Échos Ruraux par exemple est un spectacle extrêmement politique. Il s’achève quand même sur “Votons Front National”. C’est une pièce qui n’essaie pas d’expliquer mais amène à se questionner sur le vote RN en milieu rural : pourquoi les habitants de milieux ruraux tendent vers un vote d’extrême droite alors qu’ils ne sont pas nécessairement confrontés à l’immigration ou aux clichés du RN. Ce qui est intéressant c’est d’essayer de comprendre les liens entre ruralité et le RN.
Dans cette même idée d’échange, je pense que le débat est nécessaire. On a joué Échos
Ruraux devant des publics qui votent RN. Ça a ouvert un débat et on s’est rendu compte que c’était précisément ce qui manquait : le débat. Les citoyen.ne.s sont en manque de politique. On est dans une pauvreté du débat aujourd’hui et du fait d’avoir parcouru la France entière avec cette pièce, on s’est également rendu compte à quel point une majorité de Français.es ont le sentiment de ne pas être représenté.e.s.
Pour en revenir à votre question, mon but n’est pas de convaincre mais simplement
d’amener la réflexion, la prise en compte d’autres points de vue, de montrer qu’il est
possible de réfléchir autrement.
Et dans cette démarche d’amener le débat via le théâtre politique, rencontrez-vous certaines difficultés ?

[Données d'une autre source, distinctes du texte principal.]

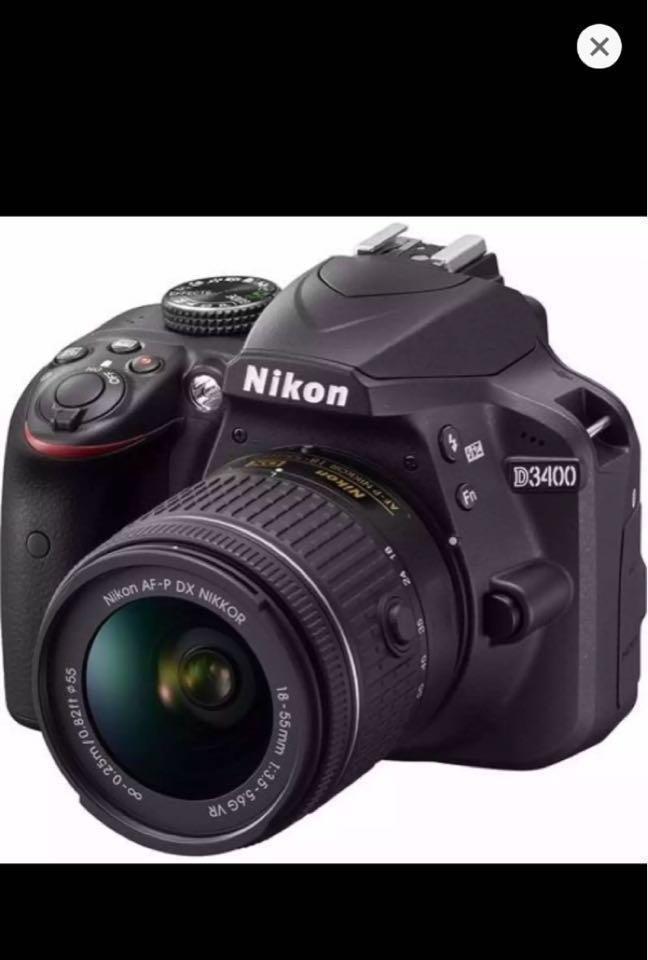 Nikon D3400 Dslr With 18 55mm Lens 16gb Memory Card Dry Box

Le théâtre politique peut faire peur à certains lieux et pour moi la problématique majeure c’est le manque de financement. Il n’y a pas assez d’argent qui est mis dans la culture aujourd’hui, les budgets sont extrêmement faibles. Et ce manque de financement est encore plus présent dans le cas du théâtre politique. Même s’il n’y a pas de parti pris, qu’on ne dicte pas aux gens ce qu’ils doivent penser, on a été confrontés à des directeurs de théâtre qui pensent “ce n’est pas pour mon public”. On s’est heurtés ces dernières années à des déprogrammations d’Échos Ruraux. Ce qui peut s’expliquer par la prise de contrôle des politiques sur les structures culturelles. Les élus locaux ou régionaux reprennent la main sur la programmation de leur théâtres municipaux ou gérés par l’agglomération.
Après, à côté de ça, il y a des scènes qui font tout l’inverse, qui vont s’engager mais qui n’auront jamais les moyens de faire plus d’une représentation. À part les centres dramatiques nationaux, les lieux qui ont la possibilité d’acheter plus d’une ou deux dates sont très rares.
Si l’on reprend le propos de certains directeurs de théâtre : “Ce n’est pas mon
public”, quel est le vôtre ?
La question du “pour qui” faisons-nous du théâtre est omniprésente.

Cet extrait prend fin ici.